Command the Children of Israel to bring clear olive oil, beaten for the light, so the menorah can burn continuously. (Shemos 27:20)
Life is but a parable. It has to be for important philosophical reasons, the main one being that G-d is Eternal and Infinite, and yet somehow we exist. Not only do we exist, but we even have free-will, which is pretty confusing considering that G-d’s will is Absolute.
There are answers for all of this, even some good enough to stop a person from going crazy figuring out the entire issue. Of course, no answer is 100%, meaning that it solves all the paradoxes perfectly, and to think otherwise would be to take the easy way out.
For many, over the millennia the philosophical questions have been strong enough and the answers weak enough to allow them to feel free to choose the path of the non-believer and even play the part of the heretic. For others, the lack of perfect intellectual understanding has always been understood as the result of a shortcoming of the human mind, and that it leaves room for man to have “faith” in G-d, the ultimate measure of ANY relationship.

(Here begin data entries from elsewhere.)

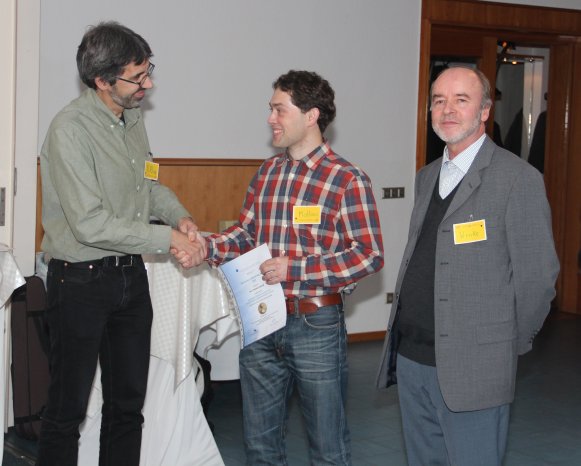 Bild 2 Electronics Engineering Award 2013.jpg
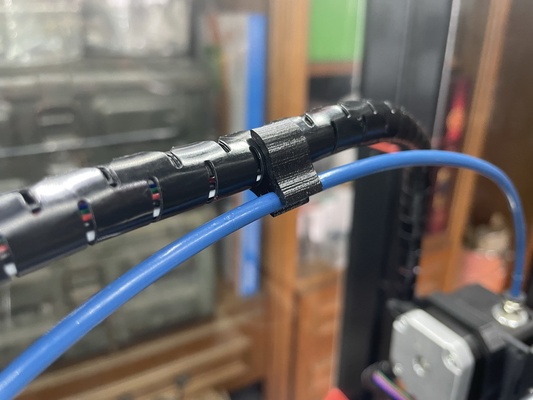 anycubic i3 mega cable acortar capricornio tubo remezclado by marica 3d impresora partes anycubici3mega clip 3d print model - Mito3D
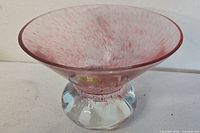 Side view showing overall shape and coloration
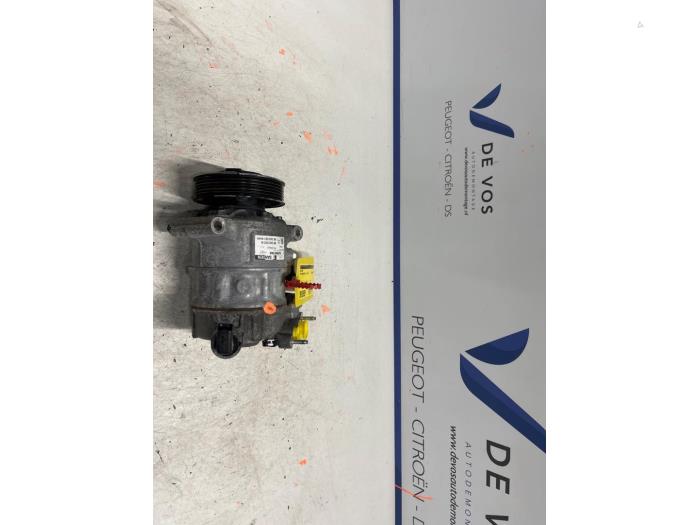 Usagé Compresseur de clim Opel Grandland (X) 2.0 CDTI Prix € 160,00 Règlement à la marge proposé par De Vos Onderdelen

What the non-believer has never understood – EVER – is that the perfect answer DOES exist. Indeed, it is an answer that solves ALL the philosophical dilemmas, but it is not one that can be arrived at through human reasoning alone. That is the mistake non-believers have always made, going all the way back to the first “heretic” – Adam HaRishon. (Sanhedrin 38b)

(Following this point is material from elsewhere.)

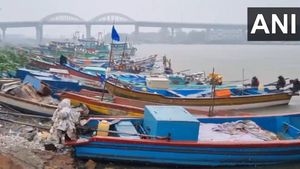 Heavy Rains Lash TN, Holiday For  Schools In Many Districts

In explaining why Adam HaRishon ate from the Tree of Knowledge of Good and Evil – the poison – before eating from the Tree of Life – the antidote – the K’li Yekar explains that the fruit of the former was visible whereas the fruit of the latter was its bark. However, if one did not know this, then he could easily be fooled into thinking that the Tree of Life was in fact fruitless, while the Tree of Knowledge of Good and Evil was fruitful.
That WAS the test. Knowing that the Tree of Life was precisely that, Adam HaRishon should have forgone his original assumption and taken from the bark of the Tree of Life first. What he would have learned from “tasting” it would have illuminated his mind far beyond any knowledge the Tree of Knowledge of Good and Evil could ever have imparted to him, as he found out too late. As they usually find out too late.

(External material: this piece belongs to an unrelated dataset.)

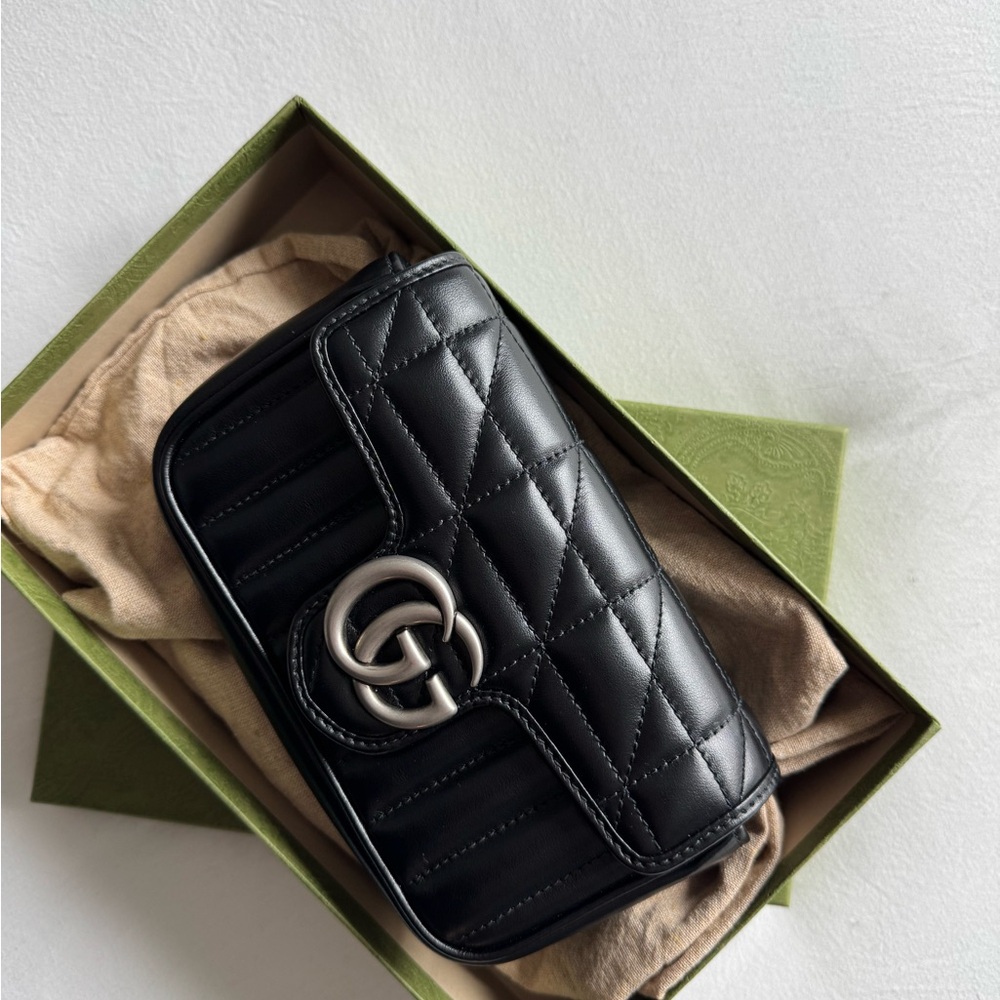 Gucci Super Mini GG Marmont Bag / BLACK + SILVER - Picture 5 of 11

This IS the test. Knowing that the Torah is called the “Tree of Life,” or at least that some very intelligent people believe with perfect faith that it was given by G-d to over 3,000,000 Jews over 3,000 years ago should be enough to forgo their original assumptions and “taste” from the Tree of Life first. True, the fruit of the Tree of Knowledge of Good and Evil is more visible to the naked eye – one can be smarter, richer, or more successful because of it – but tasting from the Tree of Life is what makes all that fruit really mean something; it is the system by which to properly digest and absorb the fruit.
The Menorah, like everything to do with the Mishkan, is one of those important parables of life that allow us to understand the mysterious. We may take it for granted, but personally, I am in awe each week when I fill up our Shabbos candles (glass jars) with that yellow, clear, beautiful “stuff” we call olive oil. It is a liquid, and yet it burns so majestically. It came from a fruit, yet it combusts like a fuel providing invaluable light and warmth, some physical but most of it spiritual.
Ultimately, though, it is a revelation of the hidden. To look at the olive, one cannot see it, or even guess that it resides inside. Even cutting the olive open does not reveal the hidden potential of the oil within, and certainly tasting the unpickled olive provides no clues. No, one must first draw the oil out and then ignite it before its light can VERY MIRACULOUSLY be brought into the world of man.
Thus, the Menorah which is the symbol of Torah wisdom, is a reminder of how the light of understanding miraculously emerges once we initiate the process of seeking the Ultimate Truth, G-d Himself. We can melt the gold and fashion the Menorah. We can pick, squeeze, refine and place the oil in the cup. We can even ignite the wick. However, only G-d can tell the oil to burn and illuminate the path of mankind.
Make holy garments for Aharon, your brother, for glory and for splendor. Speak to the talented whom I have filled with the spirit of wisdom, so they will make Aharon’s clothing to sanctify him, to appoint him as a priest to Me. (Shemos 28:2-3)
It is not unlike the soul of man, which in Hebrew is called “Neshamah” and which shares the same letters as the word “hashemen,” which means “the oil.” We can provide the body (from the father and mother) and even the opportunities in life to “ignite” the soul of a person, to some degree. However, the soul is from G-d and its ability to burn is a function of the will of G-d.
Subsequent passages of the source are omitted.